==== Source data

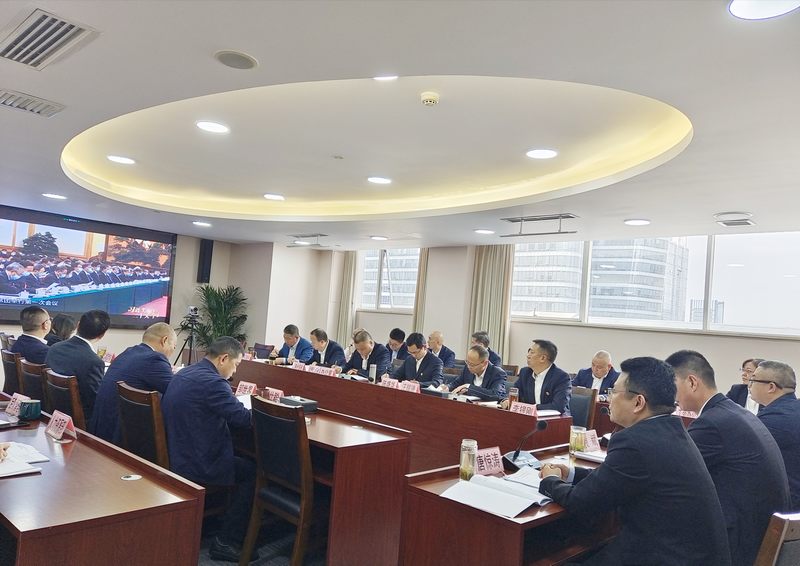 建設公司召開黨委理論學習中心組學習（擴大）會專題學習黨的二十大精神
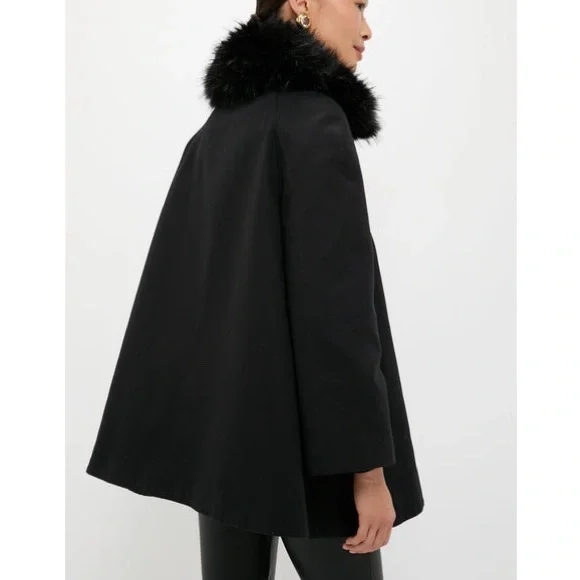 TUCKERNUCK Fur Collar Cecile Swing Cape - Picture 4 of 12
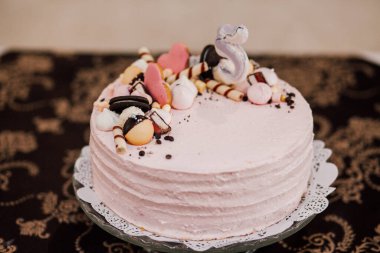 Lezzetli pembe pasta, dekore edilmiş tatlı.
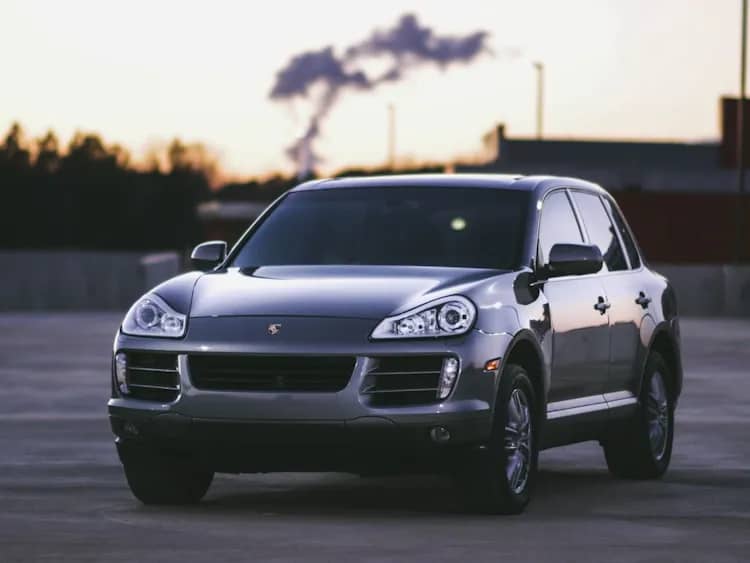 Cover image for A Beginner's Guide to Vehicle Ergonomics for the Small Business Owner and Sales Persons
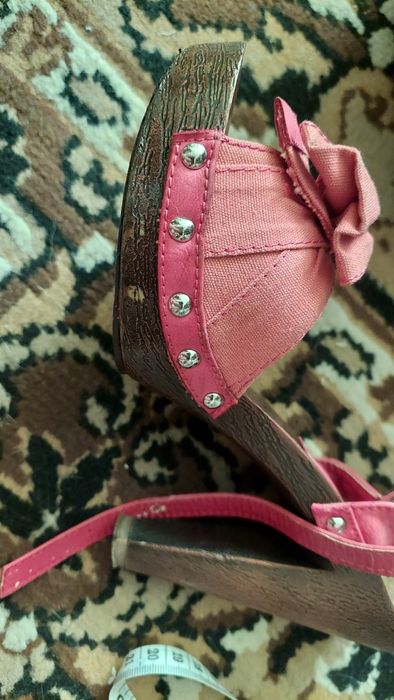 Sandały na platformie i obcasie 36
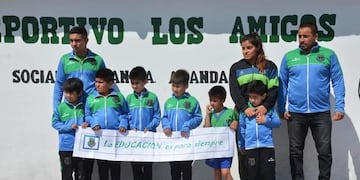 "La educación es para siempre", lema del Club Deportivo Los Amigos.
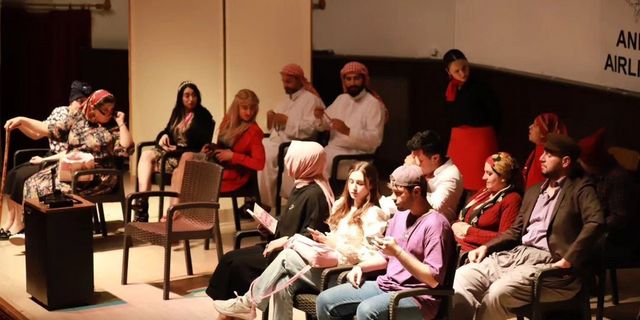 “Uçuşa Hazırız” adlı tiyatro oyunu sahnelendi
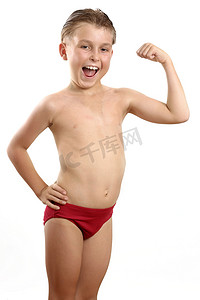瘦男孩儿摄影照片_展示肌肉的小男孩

========
==== Source data

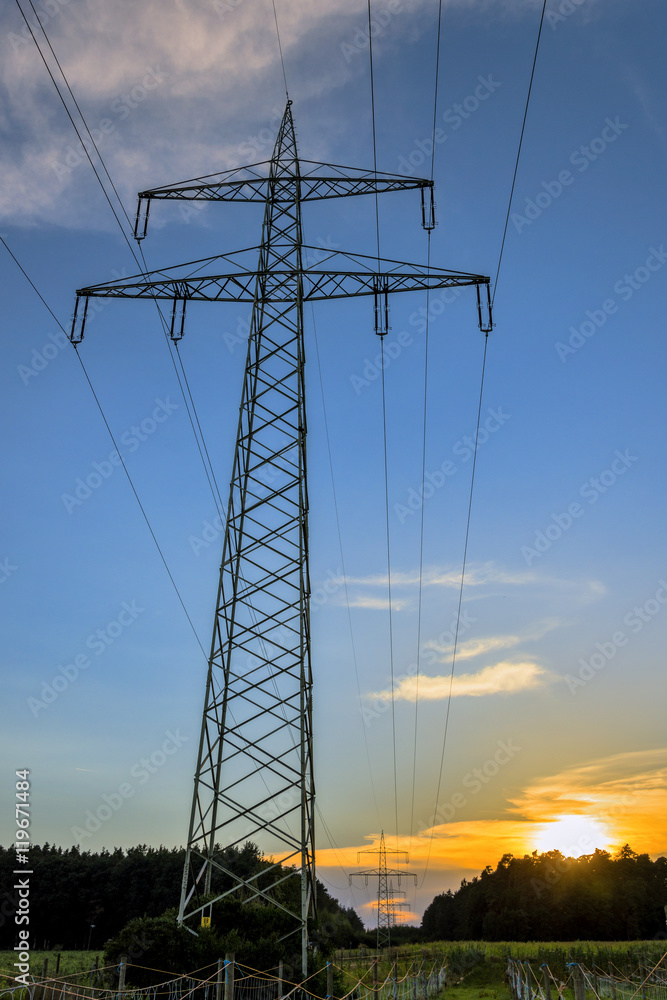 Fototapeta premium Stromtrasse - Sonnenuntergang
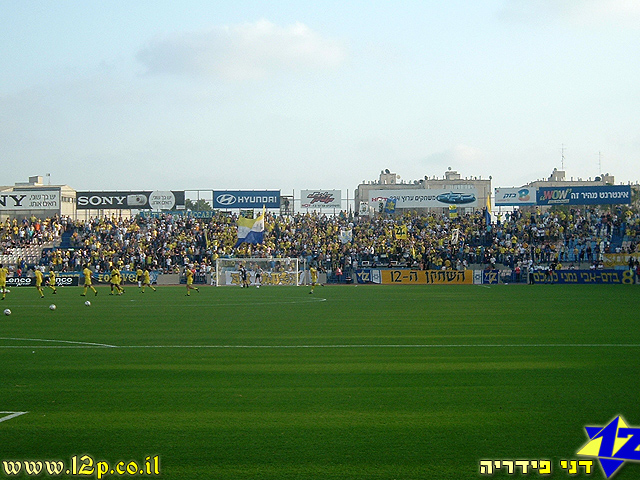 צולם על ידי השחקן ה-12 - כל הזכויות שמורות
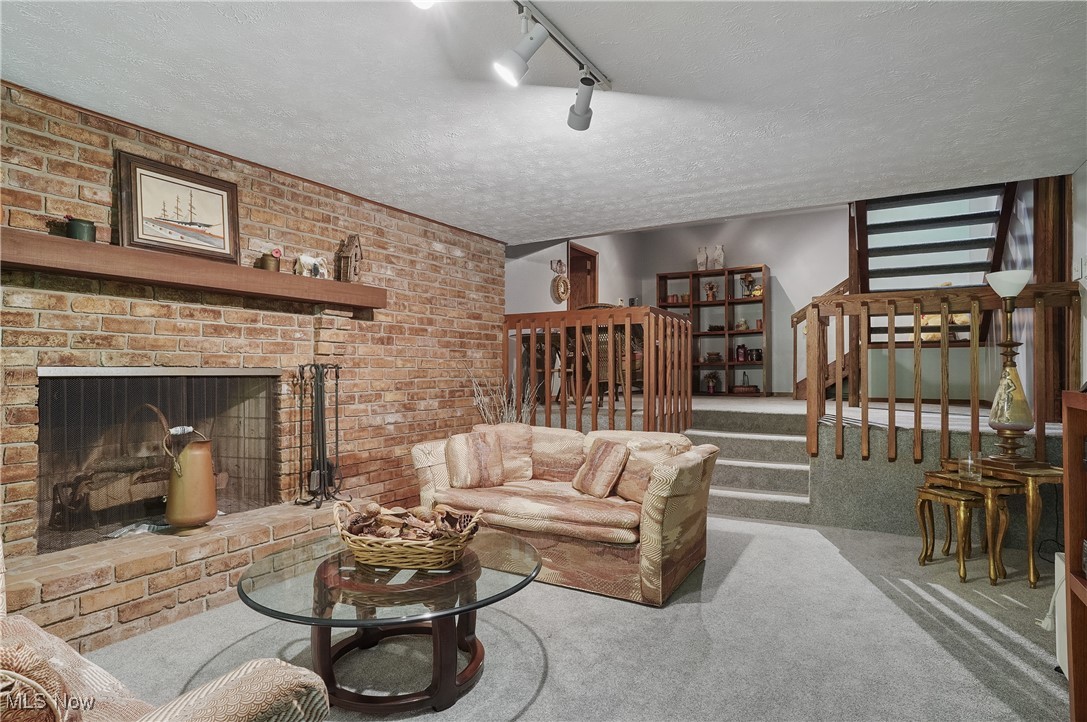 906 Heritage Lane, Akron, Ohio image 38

========
==== Source data

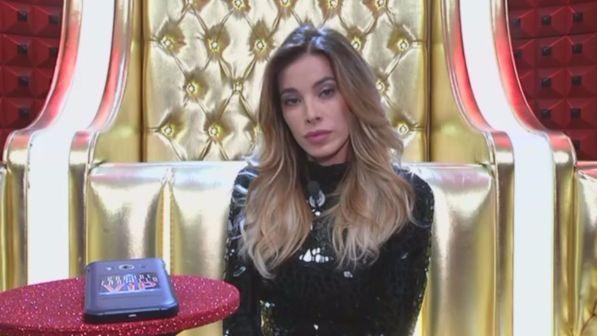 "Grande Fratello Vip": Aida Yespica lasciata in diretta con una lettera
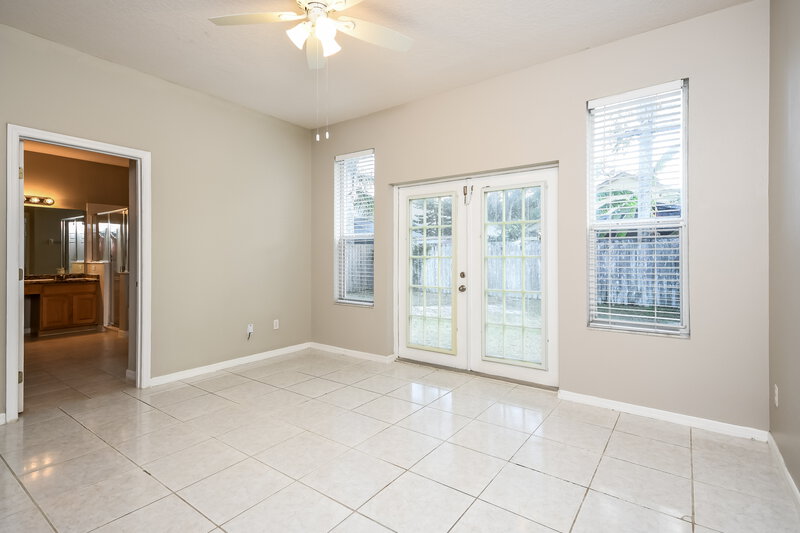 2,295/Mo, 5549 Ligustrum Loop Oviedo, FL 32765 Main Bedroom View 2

========

## What the task asks:
Take only the lines above from the one that has "Deportivo Los Amigos." through the one that has "瘦男孩儿摄影照片_展示肌肉的小男孩" and reproduce them exactly, omitting any pictures.

## Answer to the problem:
 "La educación es para siempre", lema del Club Deportivo Los Amigos.
 “Uçuşa Hazırız” adlı tiyatro oyunu sahnelendi
瘦男孩儿摄影照片_展示肌肉的小男孩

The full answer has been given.